Con los años e implicado profesionalmente en proyectos de territorio, turismo y medio ambiente, me sigo enfrentando a la definición y articulación de la identidad de los lugares, a su puesta en valor, a asociarles proyectos y actividad económica, a procurar la pervivencia de sus paisajes. Mientras, aunque ya aprendí que no son suficientes los topónimos para conservar un lugar, y en tanto que, parte esencial de mi trabajo consiste en rediseñar su identidad, me pregunto: ¿Tienen identidad los territorios? ¿Son diseñables y, aún más importante, rediseñables?

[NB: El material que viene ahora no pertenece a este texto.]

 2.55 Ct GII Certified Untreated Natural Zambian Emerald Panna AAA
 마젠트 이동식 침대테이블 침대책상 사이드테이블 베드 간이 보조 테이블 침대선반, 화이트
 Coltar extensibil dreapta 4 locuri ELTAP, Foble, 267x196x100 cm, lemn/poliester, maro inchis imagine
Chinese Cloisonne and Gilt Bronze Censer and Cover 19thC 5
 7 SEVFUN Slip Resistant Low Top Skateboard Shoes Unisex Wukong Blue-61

Por identidad de un lugar entiendo la serie de componentes, características y condiciones que lo hacen reconocible y diferente a otro a los ojos del observador, del visitante y del habitante. Éstas, además de múltiples, varían y poseen una jerarquía diversa y subjetiva en función de cada individuo, de su historia, cultura y voluntad. El mismo británico capaz, como habitante de reconocer y valorar hasta quince tipos diferentes de cerveza, compra, como visitante, un sombrero mexicano en su visita a Barcelona seguro de llevarse en ese objeto un pedazo de la idiosincrasia catalana.
Para complicarlo aún más, el fenómeno de la globalización añade culturas, idiomas y costumbres nuevas a nuestros escenarios físicos. Los pastores manchegos son, en realidad, rumanos. Los sombreros mexicanos del ejemplo anterior son “made in China” y el baile más bailado en Madrid es la cumbia.

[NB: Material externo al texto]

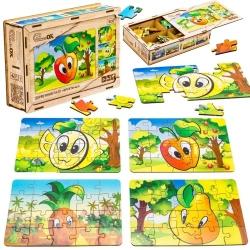 Puzzle drewniane 4w1 owoce - PuzzleOK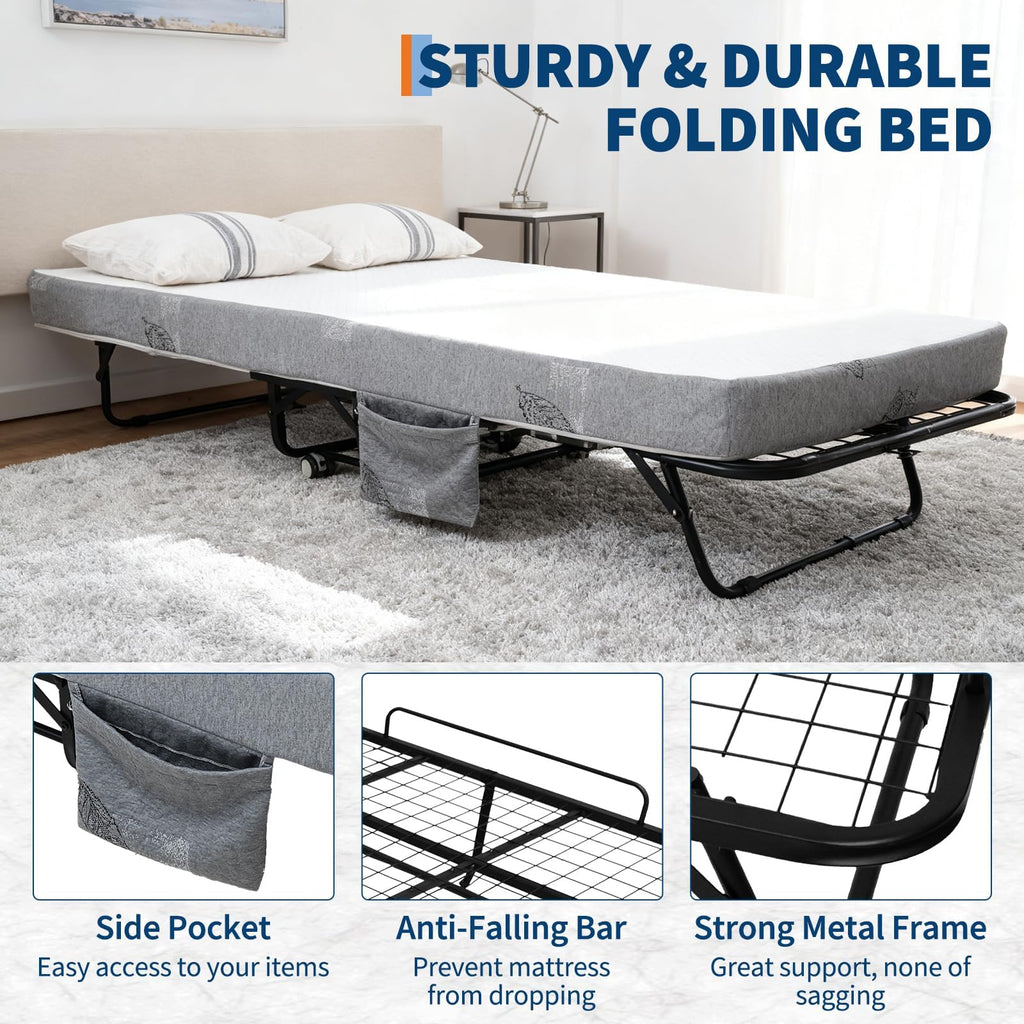 Folding Bed with 6 Inch Memory Foam Mattress R619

Este fenómeno, lejos de desanimar a los proyectistas del territorio, nos anima en tanto que alimenta la tesis de la “diseñabilidad”. Así, si los lugares incorporan nuevas componentes, características y condiciones capaces de variar su identidad previa, podemos intervenir en ellos para modificarlos. No cabía duda en cuanto a la capacidad tecnológica de modificación física del territorio (ya comprobada en la colina del musgo), si no de inflexionar su devenir histórico aparentemente inmutable (y dejo de lado provisionalmente una interesante discusión sobre la capacidad de transformación social del espacio físico…).
Mi tesis es que una específica articulación de ciertas características, formas y narrativas territoriales, son capaces de modificar la identidad de un lugar y, por tanto, la oferta que constituye para el observador, el habitante y el visitante. La identidad es, por tanto, diseñable, mutable y ofertable.

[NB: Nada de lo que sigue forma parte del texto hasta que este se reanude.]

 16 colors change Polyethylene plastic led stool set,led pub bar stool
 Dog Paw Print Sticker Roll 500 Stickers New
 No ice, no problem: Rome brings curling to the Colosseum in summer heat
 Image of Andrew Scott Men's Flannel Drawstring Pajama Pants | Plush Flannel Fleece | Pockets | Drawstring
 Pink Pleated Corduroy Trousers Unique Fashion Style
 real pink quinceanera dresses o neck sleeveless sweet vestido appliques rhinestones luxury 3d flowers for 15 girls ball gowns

En un listado no exhaustivo, las piezas que componen un proyecto de identidad de un territorio son: la vocación social y la decisión política, el paisaje (su protección o rehabilitación), la jerarquización de las actividades económicas (creación, impulso o prohibición), un sistema de proyectos estratégicos y articuladores, la conexión activa de la oferta con la demanda mediante productos consistentes y coherentes con el proyecto, emprendedores que los empujen y redes que los sustenten.
Nos queda hacer punta al lápiz, ubicar el espacio geográfico, municipal, comarcal, regional… e introducir el concepto de Gestión de la Identidad para separar lo vernáculo de lo pintoresco, lo tradicional de lo convencional, lo trivial de lo sustancial, lo banal de lo típico … and so on.